Pas perdus : Un objet de beauté

Pas perdus : Un objet de beauté

Pendant cette douloureusement longue période où l’on a été privé de théâtre, et même de contact humain, nous avons collectivement pris conscience d’une profonde absence de connexion; une connexion qu’aucune émission de télévision ni captation ne pourra jamais faire vivre aussi intensément qu’une production théâtrale comme Pas perdus, troisième documentaire scénique d’Anaïs Barbeau-Lavalette et d’Émile Proulx-Cloutier, après Vrais mondes et Pôle Sud.

« Pas perdus », comme dans hall des pas perdus, un lieu où tant d’individus se croisent et s’entrecroisent sans se connaître, mais aussi comme dans traces, repères, mémoire et héritage qu’on ne voudrait pas voir disparaître. Le documentaire scénique que nous offre généreusement le duo créatif est un véritable phare dans une nuit faite de nouvelles et d’actualités déprimantes, une oasis chaleureuse et accueillante.

Sur scène, des non-acteurs qui pourraient être nos voisins, des collègues, des amis, des membres de la famille s’ouvrent à nous avec une générosité et une candeur admirables. Ils se livrent avec pudeur et sensibilité en répondant aux questions pleines de tendresse de Barbeau-Lavalette, nous parlent de leurs loisirs, de leurs métiers, de leurs angoisses, de leurs grands bonheurs comme de leurs énormes peines, de leurs doutes aussi bien que de leur sentiment d’injustice ou de leur colère. C’est par leurs voix captées sur enregistreur et qui résonnent dans la salle, mais aussi par leurs petits gestes quotidiens reproduits en silence sur scène que leur vie se dévoile à nous pour venir se loger directement dans notre coeur. La conception narrative et la mise en scène signées Émile Proulx-Cloutier épousent en toute simplicité les propos des interviewés et accordent à chacun un espace pour briller. Les presque deux heures de la représentation filent à toute vitesse.
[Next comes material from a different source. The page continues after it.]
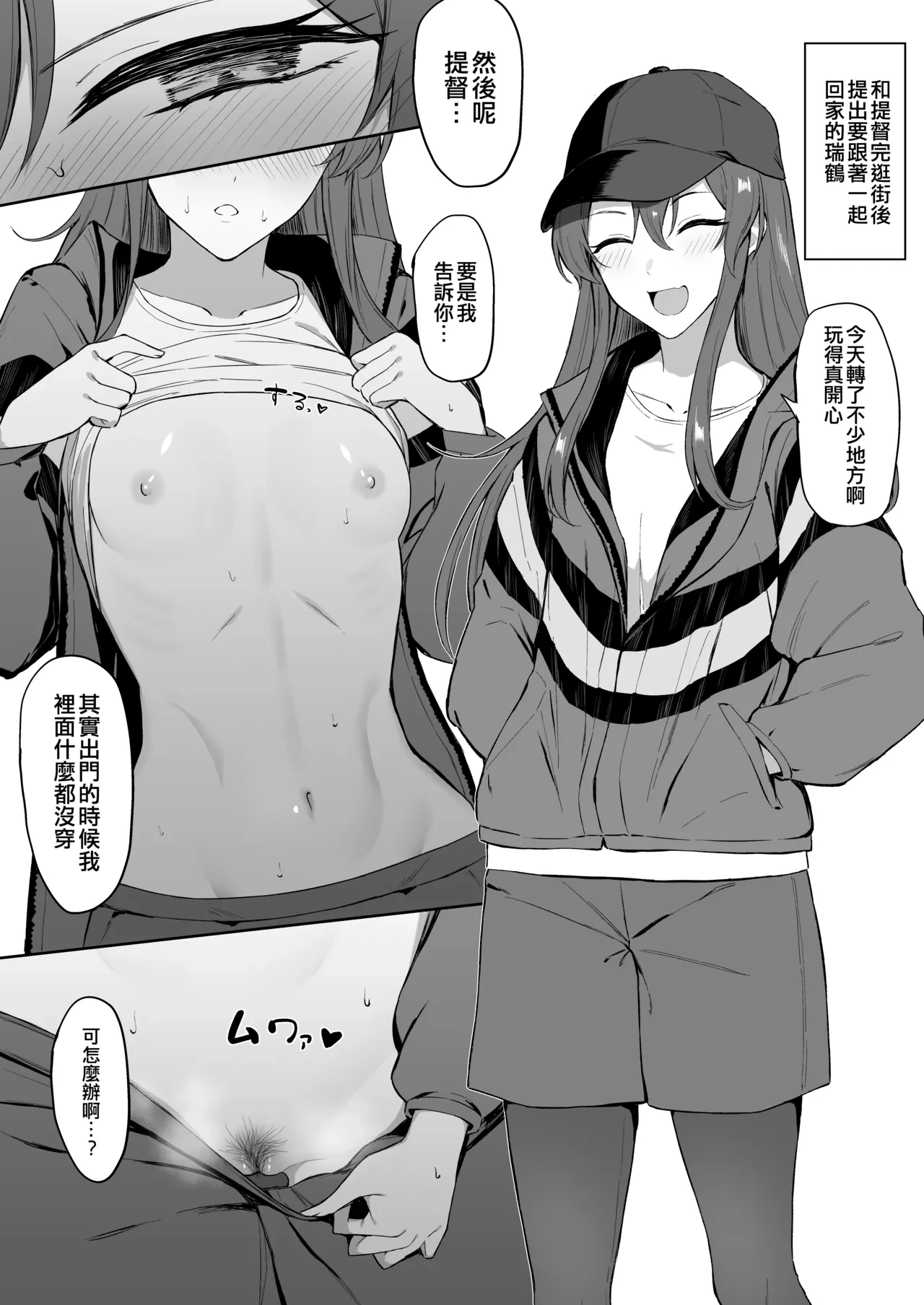 หน้า 107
Pas perdus démontre de manière éclatante, sans jamais faire la morale, l’importance de la transmission, celle de l’histoire, des traditions et de la culture. Chacun à sa manière, les Yaëlle, Quentin, Réal, Dominic, Eva, Jérôme, Sylvain, Élisabeth et tous les autres parlent du besoin de laisser des traces, de tisser des liens, tant qu’on est encore en mesure de le faire et de comment ces traces et liens nous rassemblent en tant que société. Leurs confidences soulignent aussi l’importance d’être à l’écoute de toute cette beauté autour de nous, en nous. D’ailleurs, la très belle scénographie de Julie Vallée-Léger porte le même message avec sa façade de briques où l’on devine les traces laissées par un bâtiment aujourd’hui disparu, comme ces silhouettes fantômes qu’on aperçoit parfois en ville au détour d’un immeuble et qui nous font nous demander ce qui se dressait là… avant. Les projections vidéo de Marielle Dalpé et les éclairages de Mathieu Roy jouent aussi habilement avec ces concepts de traces et d’impermanence.

Chacun des huit humains qui défilent devant nous prouve que chaque histoire mérite d’être entendue et qu’on gagnerait à prendre le temps de s’écouter vraiment les uns les autres, de s’ouvrir les uns AUX autres. Pendant ce court moment de communion, la production nous rappelle que la lumière existe, que l’humanité peut être magnifique, et ça, franchement, alors que des murs infranchissables semblent se dresser de plus en plus entre nous, c’est un message porteur qui fait un bien fou.